Welcome to Hell (Sahm Doherty/Getty Images)

Lord Northcliffe — founder of the Daily Mail, inventor of tabloid journalism, the most significant media innovator of the early 20th century — ended up in Hell. At least this was where Ezra Pound put him in his Cantos, “broken/ his head shot like a cannon-ball” alongside various other “news owners”. This has long been the highbrow take on Northcliffe: to condemn a piratical tycoon who taught the Victorian press to swim in the gutter, and who abused his monopoly on the public square to coarsen popular discourse and assert his own interests.
Shovelling information and entertainment was Northcliffe’s business model. His conjuror’s trick was simple: give as many people as possible what they want, and attention and dumb human curiosity can be transformed into merchandise. Nationalism, revolution, Enlightenment — all the forces of modernity sprung up under the transformative systems of print communication and capitalism. Northcliffe was the first to spot the potential of simply merging the two. And where’s the problem with that? Only that, as Pound felt, we don’t seem to like it when the dignity of human communication depends upon the whims of mercurial businessmen.
Northcliffe became the first in the line of suspicious personalities who have owned and administered our media: an evolutionary chart from frock-coated newspaperman to geeky social networker. And it is the megalomaniac perception of Northcliffe that Andrew Roberts seeks to rebut in a new and sympathetic biography. As ever, Roberts has been drawn to a well-fed “great man” of appetite and ambition (his previous subjects include Churchill, Napoleon, and George III). His approach to biography is traditionalist, using the lives of his characters to narrate a broader social and political period. The bulk of this book is therefore concerned with Northcliffe’s role in the political manoeuvres of the Edwardian era.
Throughout, Roberts serves as Northcliffe’s minder as much as his biographer, fending off the slights which have accumulated in the century since his death. (Briefly: Roberts concedes Northcliffe’s paranoid anti-Semitism and occasional brutality, while slapping down accusations of dictatorialism with convincing if over-defensive force.) Northcliffe’s attackers are snobs, he concludes. This man was a self-made genius who spoke for the people. If you don’t like him, comes the implication, perhaps it’s his readers you really don’t like.
Amid all the reputation-management, though, Northcliffe’s most interesting legacy from a 21st-century vantage is neglected.

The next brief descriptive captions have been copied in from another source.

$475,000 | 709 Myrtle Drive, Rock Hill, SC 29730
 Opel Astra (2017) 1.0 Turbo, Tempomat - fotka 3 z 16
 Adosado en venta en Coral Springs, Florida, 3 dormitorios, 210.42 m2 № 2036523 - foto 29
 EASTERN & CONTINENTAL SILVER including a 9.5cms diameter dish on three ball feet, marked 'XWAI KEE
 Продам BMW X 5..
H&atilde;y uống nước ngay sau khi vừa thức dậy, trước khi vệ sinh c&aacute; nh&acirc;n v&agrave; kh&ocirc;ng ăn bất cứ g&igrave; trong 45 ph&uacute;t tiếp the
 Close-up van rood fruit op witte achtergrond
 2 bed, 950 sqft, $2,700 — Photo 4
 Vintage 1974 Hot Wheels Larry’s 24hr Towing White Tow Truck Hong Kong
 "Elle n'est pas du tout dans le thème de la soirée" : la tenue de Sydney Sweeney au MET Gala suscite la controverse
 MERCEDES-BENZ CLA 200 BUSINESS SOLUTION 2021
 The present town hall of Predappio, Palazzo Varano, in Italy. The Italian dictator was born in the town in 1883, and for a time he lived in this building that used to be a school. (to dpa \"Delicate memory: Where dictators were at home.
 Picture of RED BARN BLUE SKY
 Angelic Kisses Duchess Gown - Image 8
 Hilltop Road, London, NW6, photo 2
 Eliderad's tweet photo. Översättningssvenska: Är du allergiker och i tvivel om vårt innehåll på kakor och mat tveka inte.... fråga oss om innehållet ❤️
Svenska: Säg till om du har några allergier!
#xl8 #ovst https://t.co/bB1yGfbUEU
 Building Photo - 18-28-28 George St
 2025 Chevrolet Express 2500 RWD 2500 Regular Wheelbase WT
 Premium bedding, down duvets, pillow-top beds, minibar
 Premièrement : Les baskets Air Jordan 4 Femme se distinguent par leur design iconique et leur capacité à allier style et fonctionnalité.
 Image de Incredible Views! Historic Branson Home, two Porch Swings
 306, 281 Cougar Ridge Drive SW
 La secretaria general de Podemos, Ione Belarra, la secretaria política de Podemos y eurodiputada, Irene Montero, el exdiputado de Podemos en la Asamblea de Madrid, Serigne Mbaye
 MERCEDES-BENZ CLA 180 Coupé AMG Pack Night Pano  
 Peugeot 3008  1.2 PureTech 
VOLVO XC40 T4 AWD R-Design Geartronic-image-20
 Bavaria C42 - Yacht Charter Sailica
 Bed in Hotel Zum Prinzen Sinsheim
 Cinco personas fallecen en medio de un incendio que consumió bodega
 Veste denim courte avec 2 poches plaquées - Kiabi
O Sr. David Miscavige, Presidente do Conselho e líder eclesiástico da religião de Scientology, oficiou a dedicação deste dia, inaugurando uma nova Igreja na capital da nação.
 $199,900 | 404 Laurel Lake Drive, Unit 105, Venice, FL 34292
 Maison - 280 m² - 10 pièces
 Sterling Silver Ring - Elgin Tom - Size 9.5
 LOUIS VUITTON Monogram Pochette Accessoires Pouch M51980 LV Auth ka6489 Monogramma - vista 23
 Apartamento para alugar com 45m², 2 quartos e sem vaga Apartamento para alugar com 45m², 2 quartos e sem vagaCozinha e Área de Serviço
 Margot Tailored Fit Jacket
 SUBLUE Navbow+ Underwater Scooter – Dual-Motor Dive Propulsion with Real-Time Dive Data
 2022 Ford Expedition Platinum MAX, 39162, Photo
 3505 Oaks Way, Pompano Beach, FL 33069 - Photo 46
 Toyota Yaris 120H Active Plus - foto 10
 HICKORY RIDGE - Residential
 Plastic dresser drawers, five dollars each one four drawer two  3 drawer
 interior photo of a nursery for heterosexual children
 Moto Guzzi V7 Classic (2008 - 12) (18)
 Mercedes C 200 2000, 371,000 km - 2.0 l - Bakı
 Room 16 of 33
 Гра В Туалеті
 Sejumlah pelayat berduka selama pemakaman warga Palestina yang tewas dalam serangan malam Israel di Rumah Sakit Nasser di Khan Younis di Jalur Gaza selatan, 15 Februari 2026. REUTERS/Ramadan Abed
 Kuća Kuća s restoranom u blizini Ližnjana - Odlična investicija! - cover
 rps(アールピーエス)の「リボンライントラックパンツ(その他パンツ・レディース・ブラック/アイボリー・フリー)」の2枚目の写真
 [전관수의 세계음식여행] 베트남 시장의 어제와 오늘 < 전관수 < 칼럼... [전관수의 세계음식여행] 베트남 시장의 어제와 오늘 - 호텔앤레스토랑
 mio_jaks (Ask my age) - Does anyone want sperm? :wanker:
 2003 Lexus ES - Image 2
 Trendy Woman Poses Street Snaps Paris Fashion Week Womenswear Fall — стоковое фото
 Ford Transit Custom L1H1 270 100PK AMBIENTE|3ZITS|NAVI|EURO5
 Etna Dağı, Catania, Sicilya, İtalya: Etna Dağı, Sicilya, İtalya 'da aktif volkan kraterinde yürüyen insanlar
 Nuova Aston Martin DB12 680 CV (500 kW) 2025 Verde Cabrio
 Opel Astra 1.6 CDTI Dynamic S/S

He was the first global tech-media mogul and, like Rupert Murdoch and Mark Zuckerberg, his genius lay in his instinctive understanding of how humanity wished to communicate with itself. As Roberts suggests, more than a “great journalist”, Northcliffe was a “great psychologist”. Press barons of the hands-on variety, now evolved into multiplatform world-emperors, have to be more than men. They are cultural hegemons, portraits of their age, “the way we live now”. Much as digital media now moulds our psychologies, in the time of Northcliffe, as he put it, “Our tons of ink make millions think”.
The British media was, until the 1890s, a staid affair, dominated at a national level by boring newspapers reporting court circulars and parliamentary speeches. It was revolutionised by a demand for something more exciting from a newly-literate office class, and the arrival of men like Northcliffe willing to supply it. Born in 1865 to a respectable family of genteel, Micawberish size and poverty, the young Northcliffe had access to the Establishment, but was outsider enough to scale its walls with the hunger of a parvenu. From his middle-class context, he spotted what every media entrepreneur has since exploited: that people would rather consume something banal than anything important.